2004-10-08 Thread Christopher Browne
[EMAIL PROTECTED] (Josh Berkus) wrote:
 I've been trying to peg the sweet spot for shared memory using
 OSDL's equipment.  With Jan's new ARC patch, I was expecting that
 the desired amount of shared_buffers to be greatly increased.  This
 has not turned out to be the case.

That doesn't surprise me.

My primary expectation would be that ARC would be able to make small
buffers much more effective alongside vacuums and seq scans than they
used to be.  That does not establish anything about the value of
increasing the size buffer caches...

 This result is so surprising that I want people to take a look at it
 and tell me if there's something wrong with the tests or some
 bottlenecking factor that I've not seen.

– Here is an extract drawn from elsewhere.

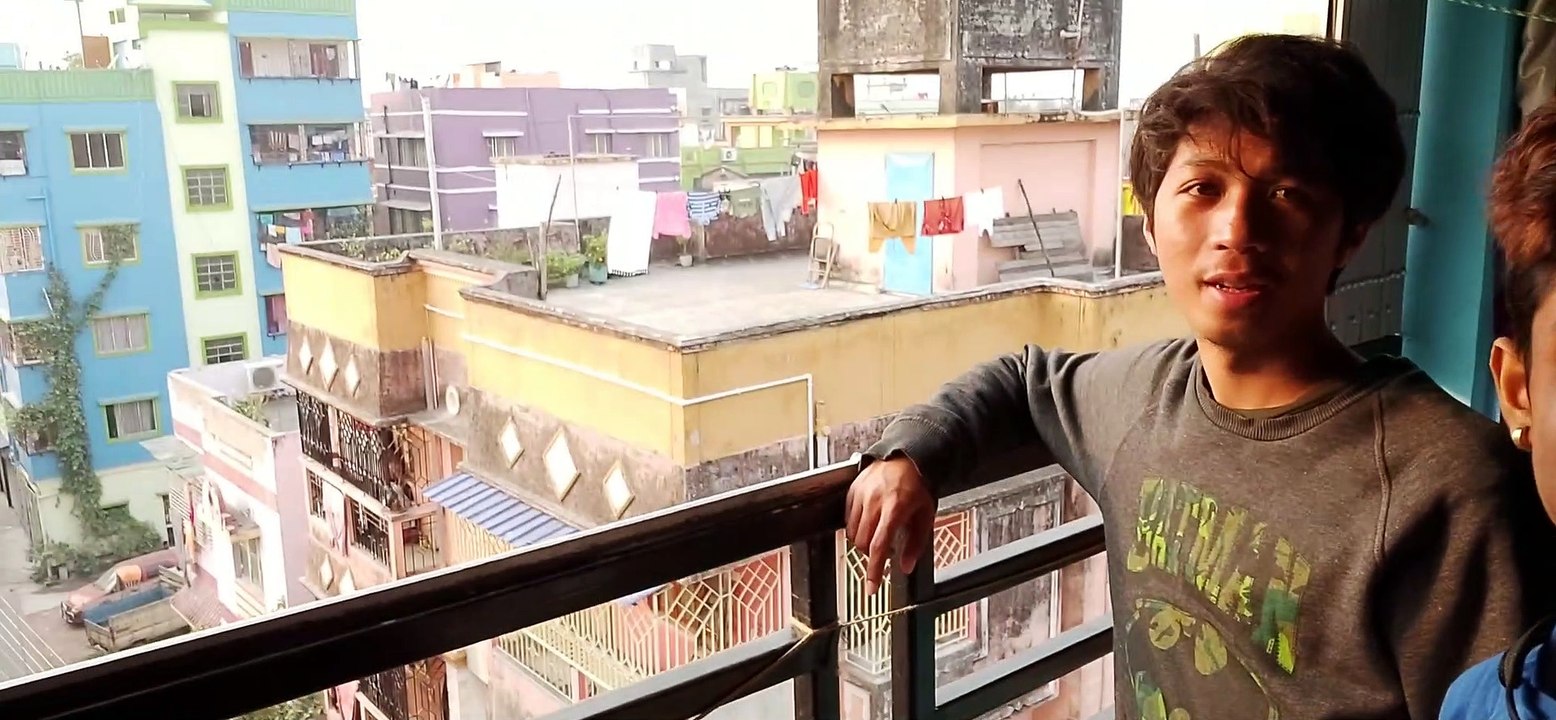 Foreigner trying Indian culture, language | Foreigner exploring Indian tuktuks, countryside, localities, home, local trains & stations etc | Foreigner eating Indian food | Foreigner in India | Foreigner in Kolkata | Foreigner doing Indian pujas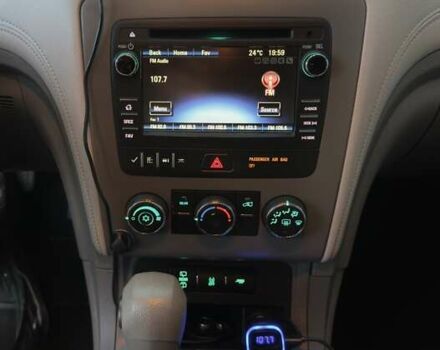 Серый Шевроле Траверс, объемом двигателя 3.6 л и пробегом 308 тыс. км за 9500 $, фото 9 на Automoto.ua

I'm aware of two conspicuous scenarios where ARC would be expected to
_substantially_ improve performance:

 1.  When it allows a VACUUM not to throw useful data out of 
 the shared cache in that VACUUM now only 'chews' on one
 page of the cache;

 2.  When it allows a Seq Scan to not push useful data out of
 the shared cache, for much the same reason.

I don't imagine either scenario are prominent in the OSDL tests.

Increasing the number of cache buffers _is_ likely to lead to some
slowdowns:

 - Data that passes through the cache also passes through kernel
   cache, so it's recorded twice, and read twice...

 - The more cache pages there are, the more work is needed for
   PostgreSQL to manage them.  That will notably happen anywhere
   that there is a need to scan the cache.

 - If there are any inefficiencies in how the OS kernel manages shared
   memory, as their size scales, well, that will obviously cause a
   slowdown.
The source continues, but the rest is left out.